» **YOUR TASK**:
Among the records that follow, set down only the lines from the one containing "JAGUAR XJS 5.3 V12 Convertible-image-11" to the one containing "Imagen de ZONTES", both included, exactly.

» **PROVIDED DATA**:
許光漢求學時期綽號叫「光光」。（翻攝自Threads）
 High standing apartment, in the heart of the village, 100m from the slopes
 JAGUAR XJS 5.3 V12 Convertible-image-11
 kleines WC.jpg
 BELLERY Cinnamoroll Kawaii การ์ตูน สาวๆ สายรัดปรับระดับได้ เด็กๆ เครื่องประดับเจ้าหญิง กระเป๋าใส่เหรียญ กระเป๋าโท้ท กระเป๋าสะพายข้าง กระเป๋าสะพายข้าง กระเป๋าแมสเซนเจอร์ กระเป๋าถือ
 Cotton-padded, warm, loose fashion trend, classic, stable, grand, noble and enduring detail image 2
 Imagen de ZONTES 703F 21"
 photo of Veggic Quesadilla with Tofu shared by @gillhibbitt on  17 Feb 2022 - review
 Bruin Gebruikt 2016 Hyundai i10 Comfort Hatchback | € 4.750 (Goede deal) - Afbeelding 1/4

» **THE COMPLETED TASK**:
 JAGUAR XJS 5.3 V12 Convertible-image-11
 kleines WC.jpg
 BELLERY Cinnamoroll Kawaii การ์ตูน สาวๆ สายรัดปรับระดับได้ เด็กๆ เครื่องประดับเจ้าหญิง กระเป๋าใส่เหรียญ กระเป๋าโท้ท กระเป๋าสะพายข้าง กระเป๋าสะพายข้าง กระเป๋าแมสเซนเจอร์ กระเป๋าถือ
 Cotton-padded, warm, loose fashion trend, classic, stable, grand, noble and enduring detail image 2
 Imagen de ZONTES 703F 21"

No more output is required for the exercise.